Use PMT \( =\frac{P\left(\frac{r}{n}\right)}{\left[1-\left(1+\frac{r}{n}\right)^{-n t}\right]} \) to determine the regular payment amount, rounded to the nearest dollar. The price of a home is \( \$ 114,000 \). The bank requires a \( 20 \% \) down payment and three points at the time of closing. The cost of the home is financed with a 30 -year fixed-rate mortgage at \( 10 \% \). Complete parts (a) through (e) below. b. Find the amount of the mortgage. \( \$ 91,200 \) c. How much must be paid for the three points at closing? \( \$ 2,736 \) (Round to the nearest dollar as needed.) d. Find the monthly payment (excluding escrowed taxes and insurance). \( \$ \square \) (Round to the nearest dollar as needed.)

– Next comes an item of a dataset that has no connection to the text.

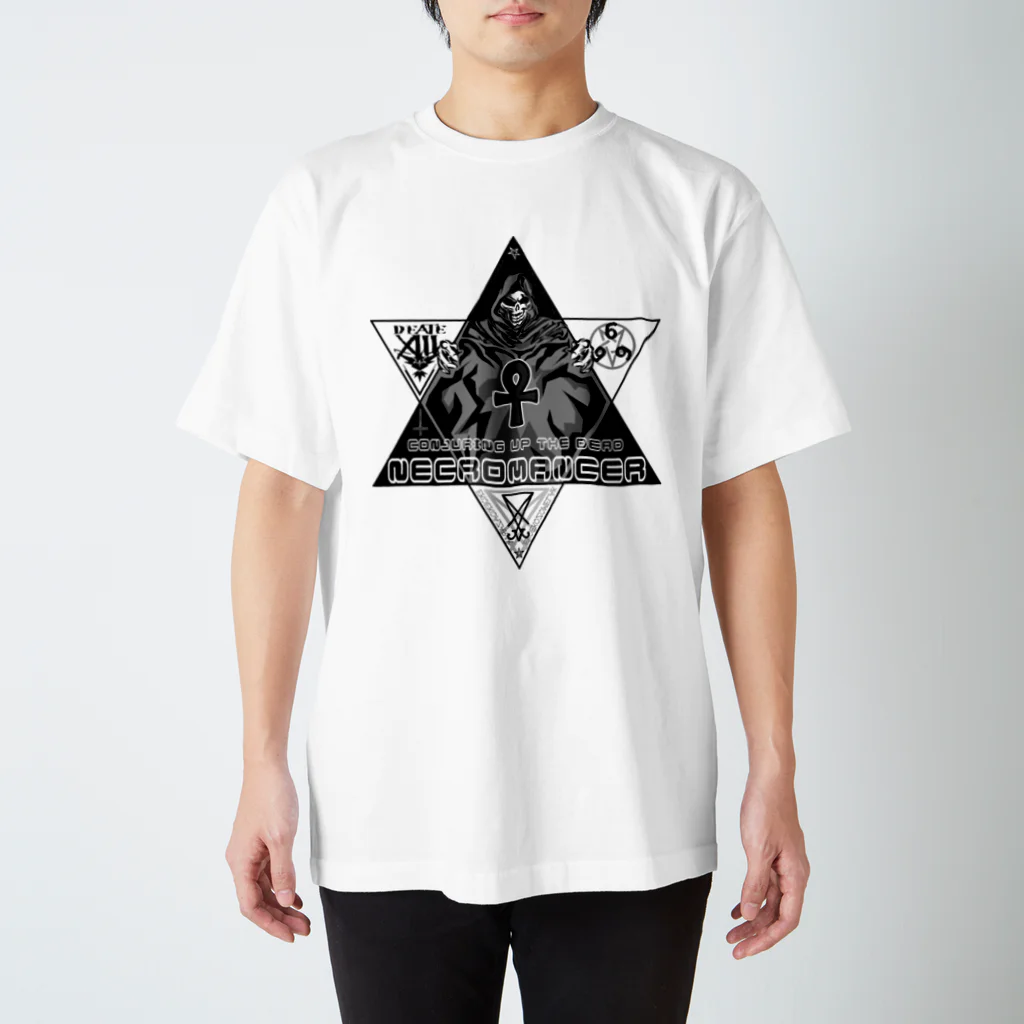 Ａ’ｚｗｏｒｋＳの六芒星ネクロマンサー ブラックアンク Regular Fit T-Shirt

To find the monthly payment amount, we can use the formula for the regular payment amount (PMT) in a fixed-rate mortgage: \[ \text{PMT} = \frac{P\left(\frac{r}{n}\right)}{\left[1-\left(1+\frac{r}{n}\right)^{-nt}\right]} \] Given: - Price of the home: $114,000 - Down payment: 20% of $114,000 = $22,800 - Cost of the home financed: $114,000 - $22,800 = $91,200 - Interest rate: 10% - Loan term: 30 years First, we need to calculate the amount of the mortgage, which is the cost of the home financed. a. Amount of the mortgage: $91,200 Next, we need to find the amount to be paid for the three points at closing. b. Amount to be paid for the three points at closing: $2,736 Now, we can calculate the monthly payment amount using the formula for PMT. c. Monthly payment amount (excluding escrowed taxes and insurance): \[ \text{PMT} = \frac{P\left(\frac{r}{n}\right)}{\left[1-\left(1+\frac{r}{n}\right)^{-nt}\right]} \] Substitute the values: - \( P = \$91,200 \) - \( r = 10\% = 0.10 \) - \( n = 12 \) (monthly payments) - \( t = 30 \) years \[ \text{PMT} = \frac{91,200\left(\frac{0.10}{12}\right)}{\left[1-\left(1+\frac{0.10}{12}\right)^{-12 \times 30}\right]} \] Let's calculate the monthly payment amount. Calculate the value by following steps: - step0: Calculate: \(\frac{91200\left(\frac{0.1}{12}\right)}{\left(1-\left(1+\frac{0.1}{12}\right)^{-12\times 30}\right)}\) - step1: Remove the parentheses: \(\frac{91200\left(\frac{0.1}{12}\right)}{1-\left(1+\frac{0.1}{12}\right)^{-12\times 30}}\) - step2: Divide the terms: \(\frac{91200\left(\frac{0.1}{12}\right)}{1-\left(1+\frac{1}{120}\right)^{-12\times 30}}\) - step3: Add the numbers: \(\frac{91200\left(\frac{0.1}{12}\right)}{1-\left(\frac{121}{120}\right)^{-12\times 30}}\) - step4: Divide the terms: \(\frac{91200\times \frac{1}{120}}{1-\left(\frac{121}{120}\right)^{-12\times 30}}\) - step5: Multiply the numbers: \(\frac{91200\times \frac{1}{120}}{1-\left(\frac{121}{120}\right)^{-360}}\) - step6: Multiply the numbers: \(\frac{760}{1-\left(\frac{121}{120}\right)^{-360}}\) - step7: Subtract the numbers: \(\frac{760}{\frac{121^{360}-120^{360}}{121^{360}}}\) - step8: Multiply by the reciprocal: \(760\times \frac{121^{360}}{121^{360}-120^{360}}\) - step9: Multiply: \(\frac{760\times 121^{360}}{121^{360}-120^{360}}\) The monthly payment amount (excluding escrowed taxes and insurance) is approximately $800.35.